Iniziando quest’intervista ti chiederei di informarci circa la stringente attualità, ossia il divorzio con il vostro singer Marco Palazzi che ha militato nei Kaledon fin dal 2007. Quali sono le cause di questo evento traumatico che se non sbaglio rischia di mettere a rischio le date che avevate preventivato a supporto del recente album “Antillius: The King Of Light”?

Ciao Leonardo, le cose non andavano bene ormai da diverso tempo.
Abbiamo avuto anche diversi dubbi riguardo al fatto se era il caso di fargli registrare il nuovo album o no ma,  siccome io sono sempre per risolvere le cose e per portare la pace, quando lui mi chiese se secondo me doveva registrare il disco o meno, io gli dissi queste parole: “A noi fa piacere se tu rimani, purchè capisci che in una band ci sono delle regole e dei compromessi che vanno accettati!”
Onestamente sembrava che avesse capito ma, così non è stato. Ha registrato tutto il disco svogliatissimo (cantando si e no al 50% delle sue possibilità) e subito dopo aver finito di registrare ci ha detto che se ne andava anche se di fatto, pochi giorni prima avevamo avuto una discussione molto pesante… culminata con una nostra mail che finiva con un suo licenziamento! Però confermiamo che se ne è andato lui.
Ora non entrerò nei dettagli e nei motivi che ci hanno portato a litigare per molto tempo perchè non è una cosa corretta e non mi va di smerdare nessuno ma, la cosa che ci ha fatto incazzare molto è stato il fatto che non ha voluto portare a termine gli impegni promozionali che avevamo già fissato!
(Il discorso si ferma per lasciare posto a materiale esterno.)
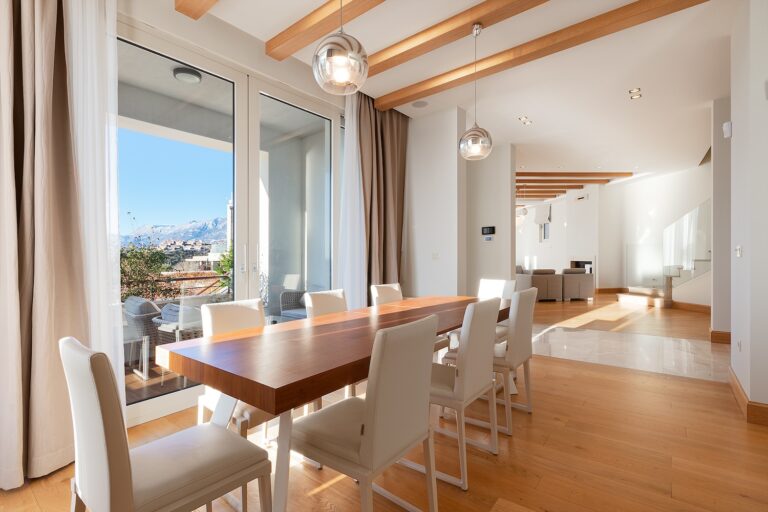 Luxury Villa with Pool and Panoramic Views of the Sea and St. Stefan Island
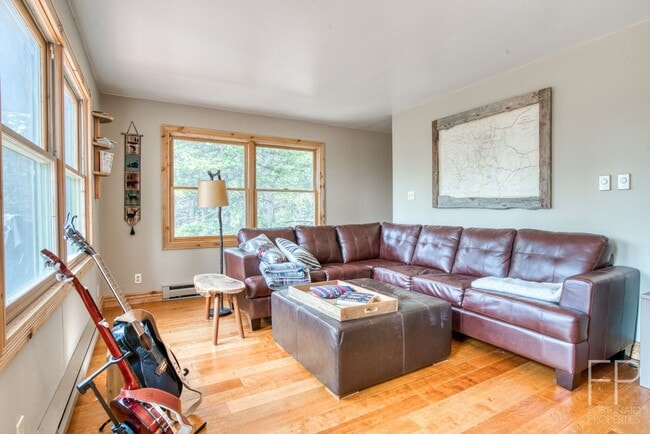 Building Photo - Valley of the Sun! 3 Bedroom! Great Views ...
Avevamo una quindicina di date a supporto del disco (non ancora annunciate) che abbiamo dovuto annullare.
Concludo dicendo che un professionista avrebbe onorato i suoi impegni… e poi se ne sarebbe andato in un momento di calma o di pausa ma… che ci vuoi fare… The Show Must Go On…

State già provvedendo a realizzare provini per trovare il nuovo frontman dei Kaledon? Ci sono novità in questo senso?

Certamente, stiamo sentendo moltissimi cantanti… le audizioni sono ancora aperte e chi vuole candidarsi può scrivere a contact@kaledon.com

Alex, sempre parlando di live, ti andrebbe di raccontarci della meravigliosa esperienza fatta di spalla ai Rhapsody Of Fire in giro per l’Europa? Quali sono i ricordi più belli? Quel che è successo vi ha dato molto a livello di crescita professionale?

Ovviamente è stato un sogno che si è realizzato! Io li seguo sin dal 1997 quindi poter andare in tour con loro è stato bellissimo!
Inoltre abbiamo stretto una bella amicizia con Fabio Lione che, ha cantato un brano e realizzato un video con noi nel disco successivo al tour.
A livello professionale beh… è stato molto costruttivo e interessante poter lavorare giorno dopo giorno con la loro squadra di tecnici che, ci hanno insegnato molti trucchetti.

Arriviamo ora a parlare del nuovo album “Antillius: The King Of Light”; anzitutto lasciami dire che è davvero stupefacente il progresso e la maturità artistica e compositiva che avete raggiunto se paragoniamo questa release con le vostre prime uscite. Come avete lavorato per quanto riguarda la registrazione? Se non erro avete pensato a tutto voi vero?
Come sempre ti sei occupato tu di quasi tutta la composizione di musica e testi?

Si beh, abbiamo registrato tutto nei nostri studi singoli studi privati! Ho seguito la registrazione della voce, basso e chitarre io nel mio studio mentre, il tastierista (Paolo Campitelli) ha curato le sue parti nel suo studio! Ovviamente poi abbiamo portato il tutto agli outer sound studios dove, Giuseppe Orlando, nostro produttore storico, ha montato ed elaborato il tutto fino ad arrivare al risultato che puoi sentire.
Si, ho scritto io l’80% di quello che senti anche se in questo disco, Paolo Campitelli e Tommy Nemessio hanno presentato 2 brani a testa, sui quali io ho curato testi e melodie! Su quello in italiano, Marco Palazzi ha curato testo e melodia!
Apprezzo molto quando gli altri propongono cose valide perchè, portano aria fresca.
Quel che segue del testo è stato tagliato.